ABOUT THIS TASK: Among the lines of the listing below, retype exactly those from the one containing "40 inch Number" through the one containing "PS1 Inessa Grå", both included. Do not include pictures.

MATERIAL FOR THE TASK:
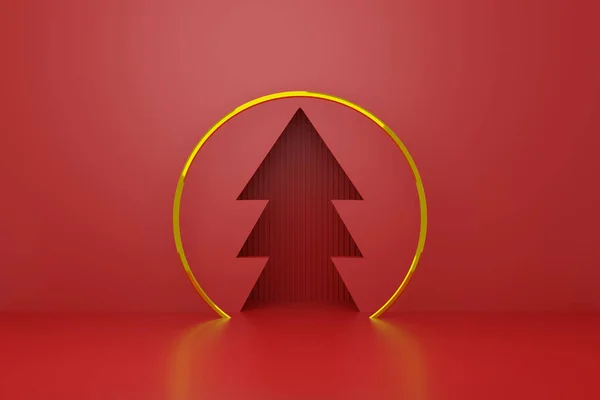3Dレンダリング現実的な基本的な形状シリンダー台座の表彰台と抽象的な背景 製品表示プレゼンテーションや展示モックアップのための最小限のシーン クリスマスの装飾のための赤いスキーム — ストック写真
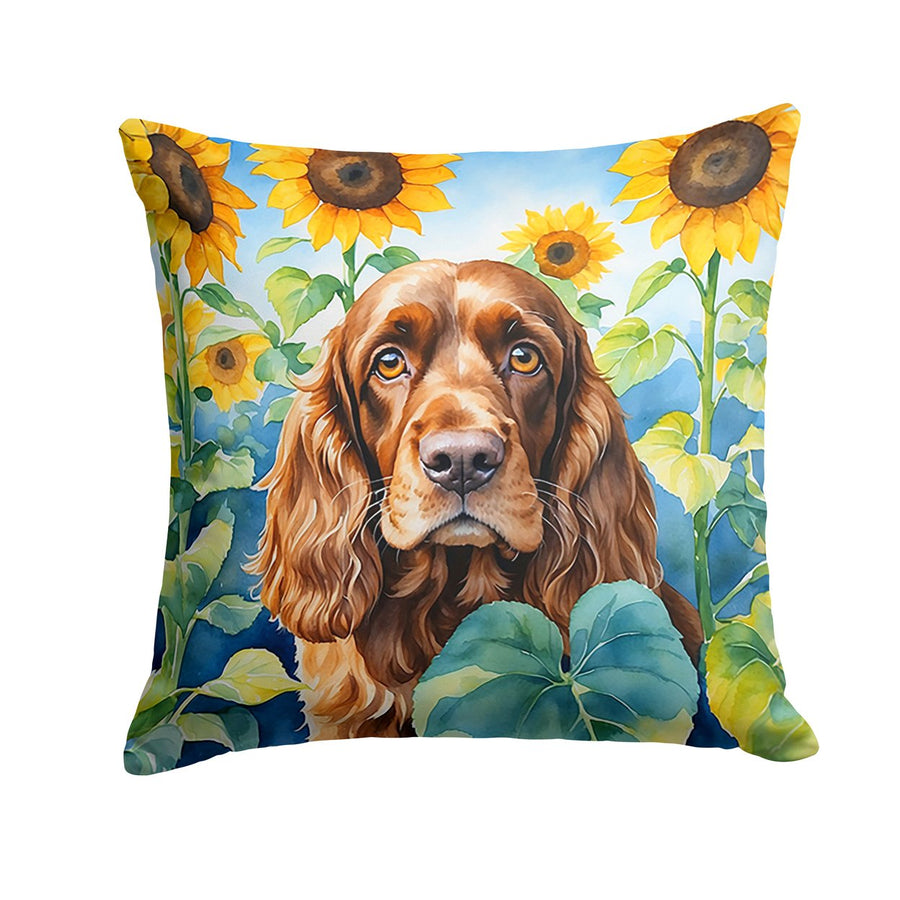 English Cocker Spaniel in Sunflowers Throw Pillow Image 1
* * *
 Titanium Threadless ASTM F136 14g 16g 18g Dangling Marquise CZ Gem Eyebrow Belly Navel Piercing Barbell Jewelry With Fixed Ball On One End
---
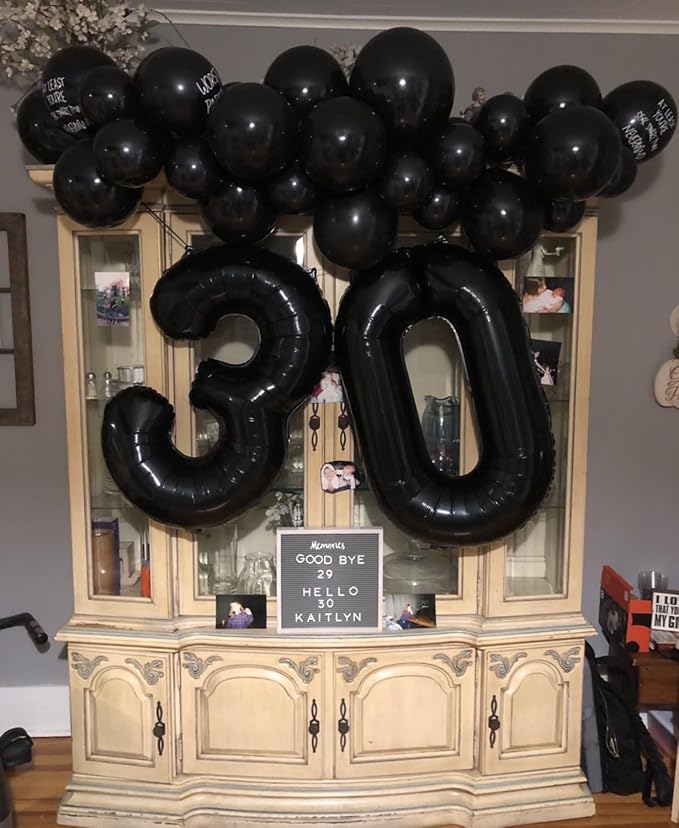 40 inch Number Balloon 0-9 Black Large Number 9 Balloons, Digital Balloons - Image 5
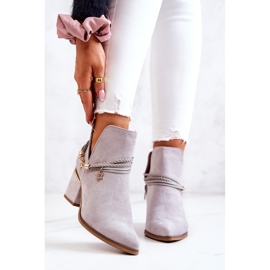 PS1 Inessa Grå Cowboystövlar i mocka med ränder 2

EXERCISE RESULT:
 40 inch Number Balloon 0-9 Black Large Number 9 Balloons, Digital Balloons - Image 5
 PS1 Inessa Grå Cowboystövlar i mocka med ränder 2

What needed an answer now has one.